Washington – Rep. Elizabeth Esty apologized to current and former staffers Thursday for failing to notice that her former chief of staff, Tony Baker, had been abusive to her staffers and for failing to take swifter action in firing him.

“It’s awful and I feel terrible for everyone who was hurt,” said Esty, D-5th District.

Baker was fired in August of 2016, three months after Esty became aware of complaints about Baker from Julie Sweet, who had preceded Baker as chief of staff.

Esty said Sweet contacted her after a Cinco de Mayo party her staffers attended on Capitol Hill in 2016. Sweet told Esty she had heard a number of reports about Baker’s behavior. Those included an allegation by Anna Kain, a former staffer who had had a relationship with Baker, that he had left about 50 messages and texts on her phone the night of the party.

A  phone call to Baker seeking comment was not returned.

The Washington Post reported that  one message left by Baker for Kain on May 5, 2016 said “You better f—–g reply to me or I will f—–g kill you,”

Kain, who provided a copy of the recording to The Washington Post, alerted the police, filed a report for felony threats and obtained a 12-month restraining order against Baker.

Esty said The Washington Post had been working on the  story for some time, but it was Hearst Media who first published the allegations against Baker Thursday.

The day after the Cinco de Mayo party, Esty said she called Baker into her office and suggested he receive counseling, or help with alcohol addiction.

Esty also said she contacted the House general counsel on how to conduct an investigation and launched a probe of Baker’s behavior, interviewing every staffer in Washington, D.C., and her district offices, as well as some former employees.

At the end of her investigation in July, Esty determined “there was a pattern of verbally abusive behavior” and that the staffer who had dated Baker confirmed an account of physical abuse.

Esty said she dismissed Baker from her staff soon after, giving him $5,000 in severance pay. Esty said she will write a personal check in that amount to the U.S. Treasury to compensate taxpayers.

She also said she urged Baker to return to his native Ohio, where “he had family to support him.”

At the direction of the House employment counsel, Esty also signed a non-disclosure agreement that prevented her from disparaging Baker or discussing why he left.

After leaving Esty’s office, Baker worked for Sandy Hook Promise.
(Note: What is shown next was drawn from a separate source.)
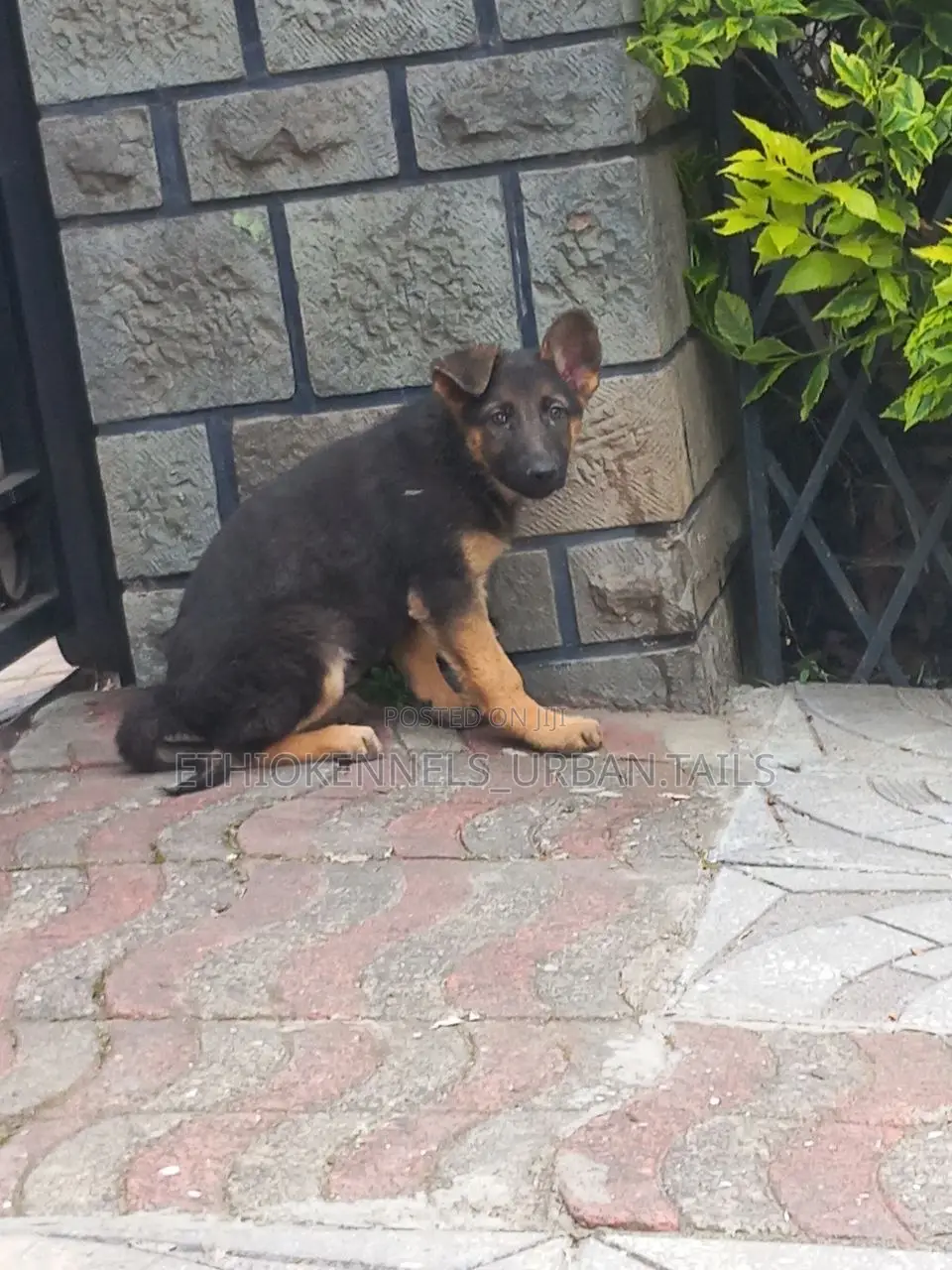 1-3 months Female Purebred German Shepherd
Stephanie Morris, a spokeswoman for the group, said Baker is not employed there, but she did not respond to questions about when he left the organization.

Esty said that “in hindsight,” she should have acted sooner and suspended Baker the day after the Cinco de Mayo story.

“The whole process took too long,” she said.

Esty said she was totally unaware of Baker’s behavior because, until Sweet brought it to her attention, no one else had.

“I thought I was accessible, I thought people could talk to me,” she said.

Esty said the  #metoo movement  prompted Kain to tell her story.

After a number of disclosures about sexual abuse and harassment on Capitol Hill, the U.S. House last month approved a bill aimed at reforming the way sexual misconduct allegations are handled. The Senate has not taken up the legislation.

Esty said even more must be done to protect victims of abuse in the U.S. Capitol.

She said the current system, in which each office determines its own employee policies, make no sense.

“There’s no HR department, no standard employee handbook,” Esty said. “We need a standard employee policy.”